Thursday, May 1, 2008

We Own the Night

I tried to draw similarities between James Gray's We Own the Night with films before I saw it, but recognized quickly after viewing the flick was harder to categorize than one would expect.

I immediately condemned the film from the preview; with its star-studded cast and apparently formulaic script; cops, drug-dealers, bad son, good son. Although it was from far earth-shattering in its originality or in its themes, Gray's thriller was a real masterpiece. It reminds you what makes an actor, what makes tension, and what abiding by the rules of Hollywood, entertainment, and traditional omniscient narrative can give you; a fucking good time. Not to mention how much fun it must have been to make a film like this with certainly a low budget (except for actor payroll), rough and gritty dialogue, and a time in New York with characters that are best observed from afar.

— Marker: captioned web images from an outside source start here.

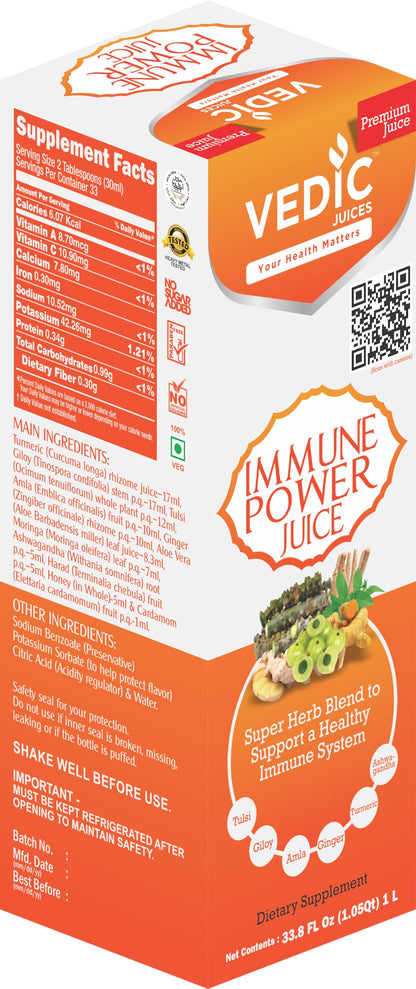 USDA Certified Organic Immune Power Juice 1000ML (1 Liter) 100% Organic - Ayurveda & Vitamins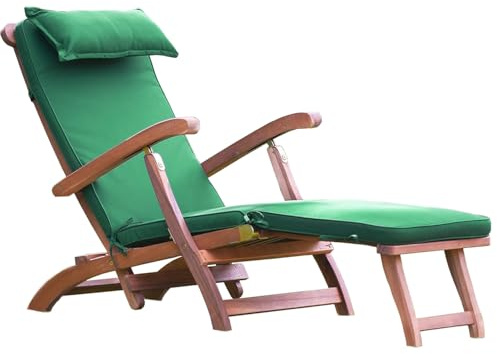 Foldable Wooden Sun Lounger with Cushioned Seat Adjustable Backrest & Footrest - Weather-Resistant Acacia Wood Recliner Chair for Garden, Patio & Poolside, Ergonomic Armrests & Space-Saving Design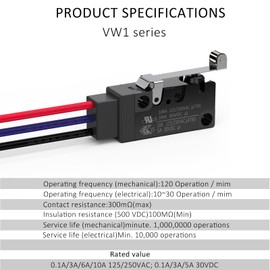 DIYhz Hinge Roller Lever Waterproof Momentary Push Button Micro Limit Switch with Line 1NO 1NC SPDT Snap Action Mini Switches 3 Pins 1 Pc ​for Arduino, Appliance and Electronic Equipment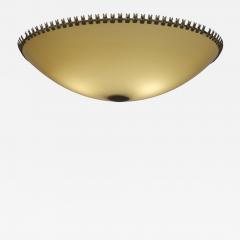 Lisa Johansson Pape Round Opaline Flush Mount with Brass Ornaments Lisa Johansson Pap Orno 1950s - 4553558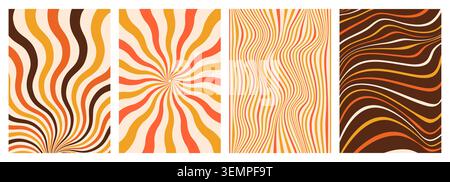 Groovy swirl pattern, abstract vector background. Funky spiral banner set with psychedelic texture, retro cards with radial distorted lines, wavy strips, trippy twisted graphic design in vintage color Stock Vector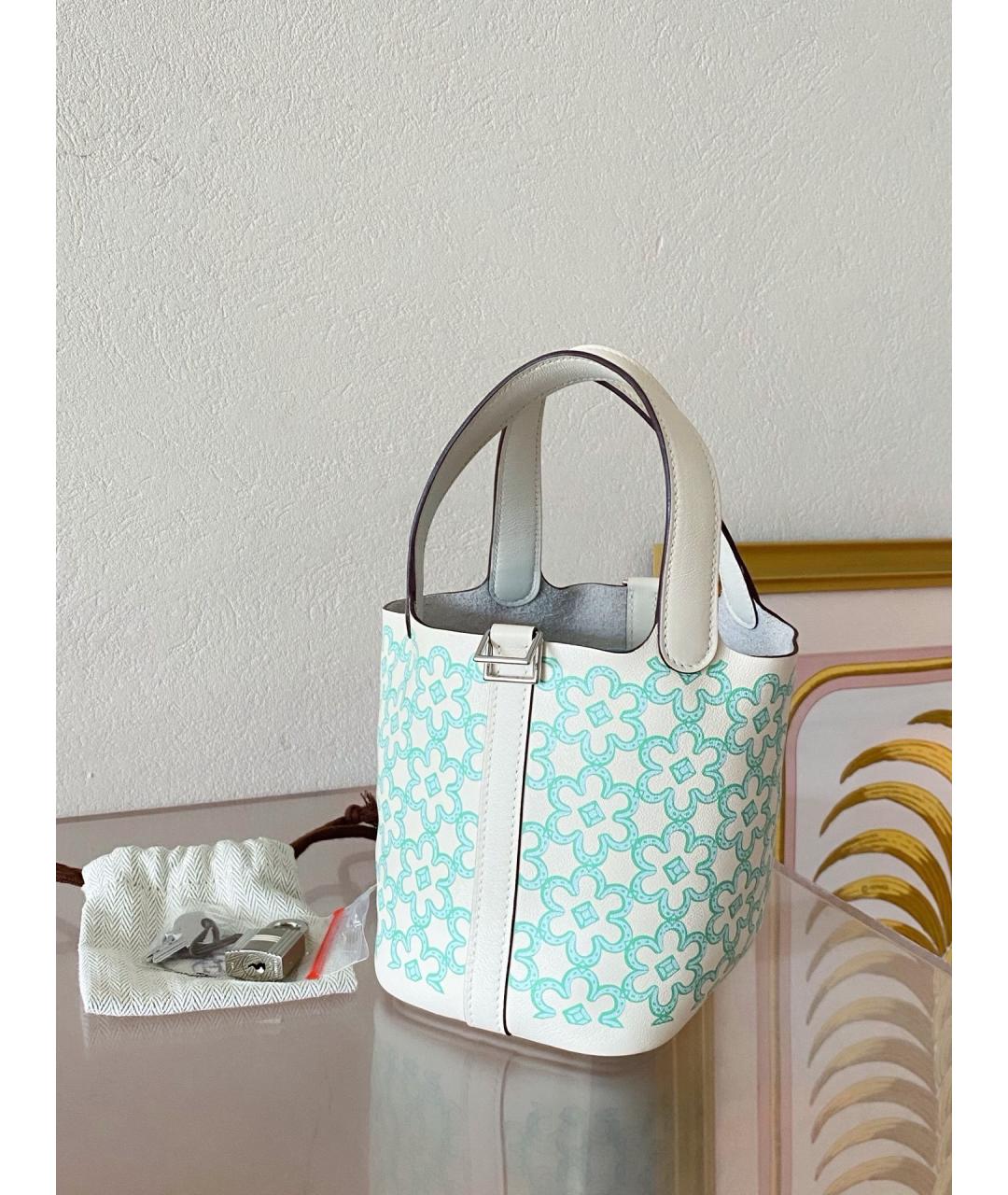 HERMES Белая кожаная сумка тоут, фото 5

I think we could've seen a little more development as to what kind of world of darkness the good guys actually faced. We know there was some shady stuff going on with a peak into the drug trafficking underbelly, and men who evoked an extreme level of fear, but outside of one fantastic murder attempt and an incredibly intense car chase, you were routing for them to catch the bad guy but didn't want his head on a spear with his genitals shoved in his mouth, like let's say, oh, the girl's father in Pan's Labrnyth. Overall a must-see.